On my strolls in the East Bay, across from San Francisco, I see several EVs on every block. With my neighbors sheltering in place, I am also discovering a lot of driveways with two green vehicles. I never would have expected some of the combinations – or all the different ways to set up home charging for two EVs.
Norway might have the world’s highest percentage of EVs, but my neighborhood isn’t far off.
Whenever I hear bogus arguments about how the mass adoption of electric cars is going to bring down the entire US electric grid, I point to my neighborhood. When you add these duo-EV houses to all the single EVs, some blocks have 10 to 20 plug-in cars. But what do you know? The grid, and even our local transformers, keep chugging along.
Charging Two at a Time
The big question is how individual homes manage to charge two EVs. I suspect that most folks use a single Level 2, 240-volt charger and take turns.
After getting your second EV, your first instinct might be to install a second 240-volt charging station. That’s an option, but it takes up more space and essentially doubles the cost.
A likely better choice is the Clipper Creek HCS-D40 Dual-Charging Station. The HCS-D40 is a 32-amp, Level 2 hard-wired station that can charge two vehicles simultaneously on one circuit. The HCS-D40 automatically splits power between two vehicles, with up to 16 amps of electricity each when both are charging – and up to 32 amps when one vehicle is charging. It’s equipped with two 25-foot charging cables so most owners should be able to reach both cars.
The HCS-D40 cost $1,369, so it’s significantly more expensive than a single-cable station. Perhaps you could sell your first charging station to recoup some cost. Ideally, the dual-charging HCS-D40 would be the first one that got installed. But who thinks that far ahead?
It’s common now for new EVs to come with 240-volt portable cables. Another option is installing two outlets, commonly a NEMA 14-50, while ensuring that you have sufficient amperage to use two at the same time. Then plug in one or both of the portable charges as needed. A consultation with an electrician would be smart. I personally have a hard-wired Level 2 station in my carport, with a separate Level 2-suitable outlet for a second car to use a portable charging device.
A better alternative, although still expensive, would be a pair of JuiceBox Pro 32 units. A pair of these stations, which are $599 each, can manage loads on a single circuit.
And then, the simplest and lowest cost option is the two-tiered approach. One car gets the Level 2, 240-volt charger, which likely adds about 25 miles in an hour. But the other settles for a 120-volt trickle charge, just managing 3 or 4 miles per hour.
The car with the lower state-of-charge – or if the assigned driver has a long commute planned for the next day – is the one that gets the faster charge. The EV that can tolerate a slow top-up gets plugged into a standard outlet.

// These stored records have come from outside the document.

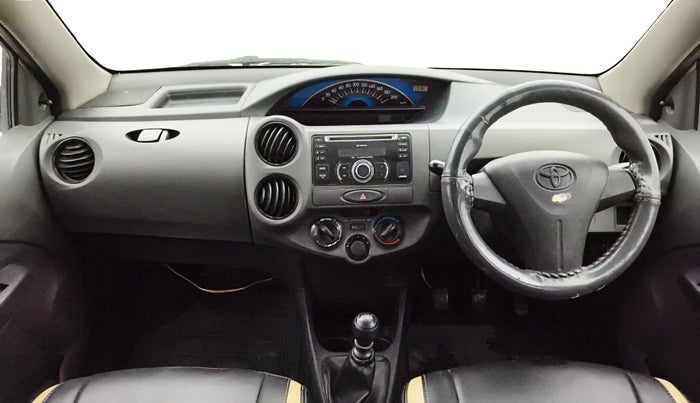 2013 Toyota Etios Liva GD, Diesel, Manual, 1,19,066 km, Dashboard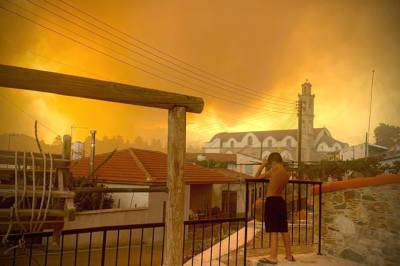 В ЕС пообещали помочь Кипру в борьбе с бушующими пожарами - govoritmoskva.ru - Кипр - деревня Аракапас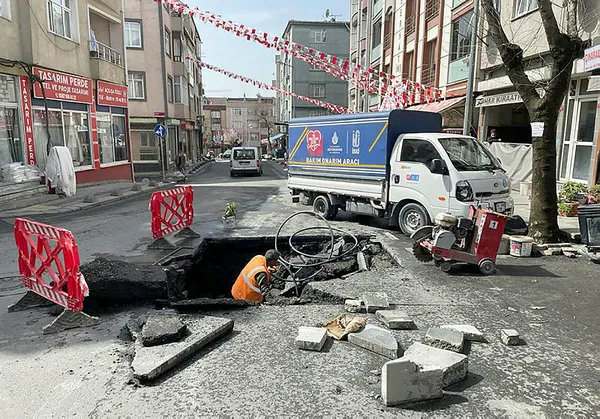 İstanbul'da bir su borusu daha patladı! Bakım diye gittiler sokakları rezil ettiler - 2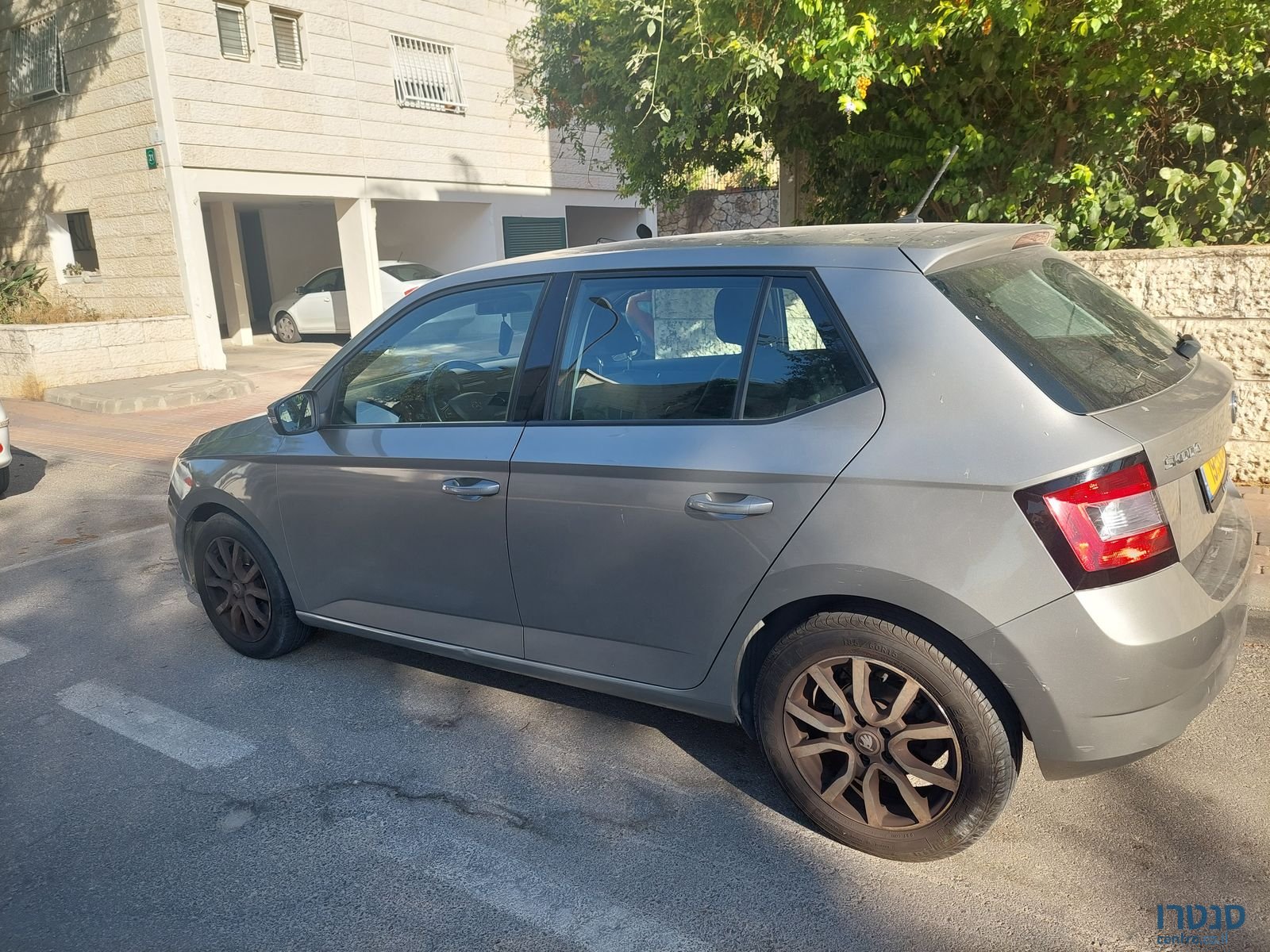2016' Skoda Fabia סקודה פאביה photo #1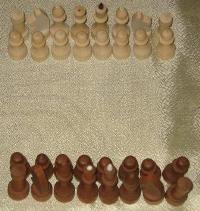 Деревянные шахматные фигуры в коробке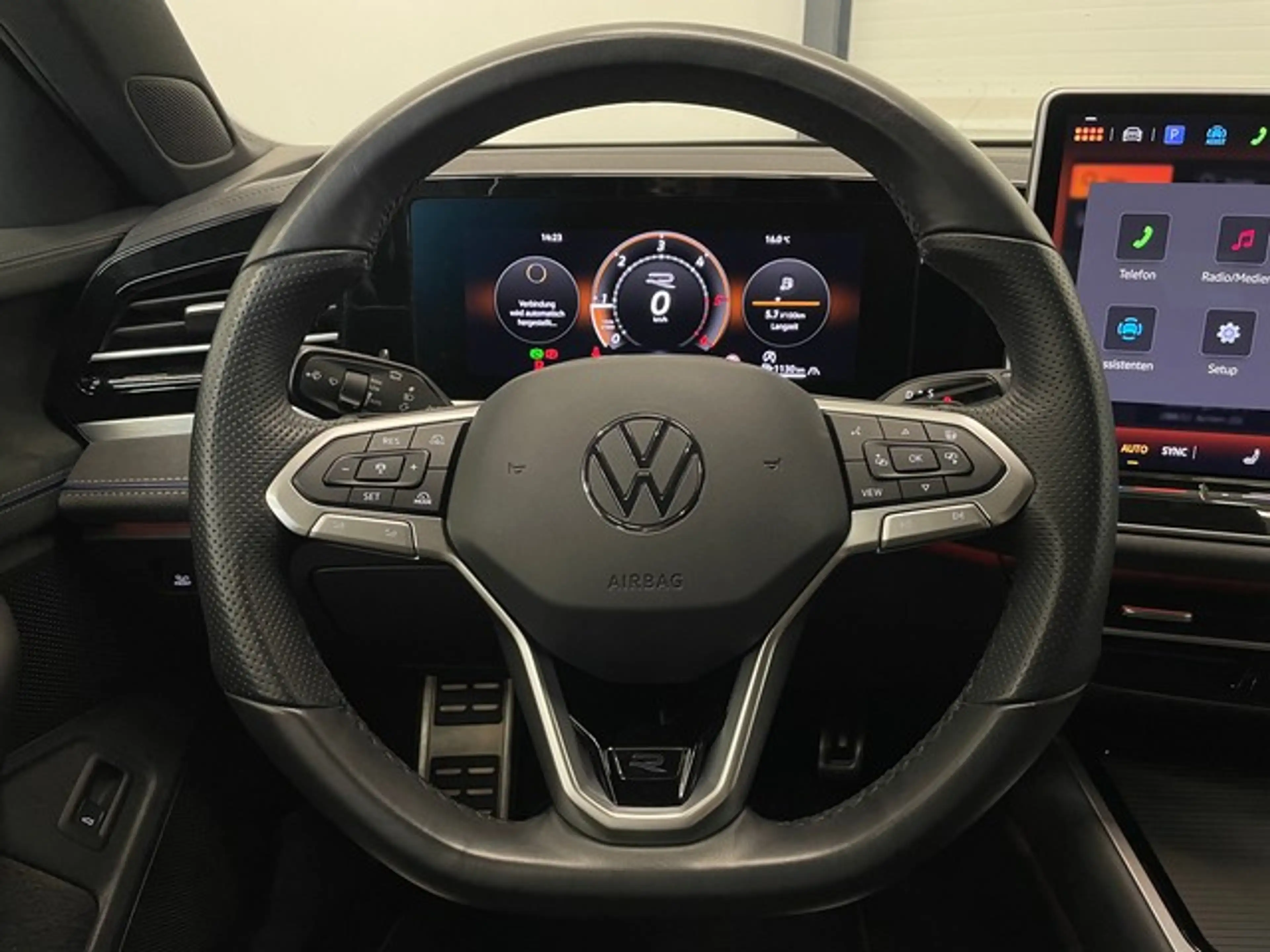 Volkswagen Passat Variant 2.0 TDI 110 kW R-line — photo 12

But first things first. Which two EVs go best together?
Gallery of Two-EV Driveways
All of the following photos were taken on my neighborhood walks. Perhaps this sweet All-American color combo of a Tesla Model S and a Tesla Model 3 is in your future.
Not rich enough for your blood? Need more space? These guys went with a Tesla Model X and an Audi e-tron.
Two sizable SUVs take up a lot of space and the X’s falcon doors are not for everybody. A nearby driveway kept the e-tron, but matched it up with Hyundai Kona Electric. That’s an original combo.
This neighbor still needs to replace the conventional Prius with a second plug-in car. Many driveways in the neighborhood are single lane so I imagine these guys have to shuffle the cars around, moving the Model 3 in the spot next to the house, but blocking the way out for the EV with the hybrid.
These side-by-side Chevy Bolts have an easier time. It appears that one charger with a long cord allows the owners to easily swap them out. If both are fully charged, I wonder how they decide which one to take.
The flexibility of having one pure EV and one plug-in hybrid is appealing. Nearly all local trips can be purely electric. But when it comes time for a meandering road trip with maximum flexibility, the plug-in hybrid is ready to go – although with an increase in your carbon footprint. If you’re not a purist, this marriage of a Tesla Model 3 and a Volvo XC90 plug-in hybrid is impressive.
On the other hand, a selection of two plug-in hybrids feels really tentative. Although these guys get bonus points for originality with their Audi A3 e-tron and a Subaru Crosstrek plug-in hybrid.
Here’s a Volvo XC60 plug-in hybrid parked on the street. But it’s not clear if it belongs to people charging the Prius PHEV on the left or the Tesla Model 3 charging up on the right.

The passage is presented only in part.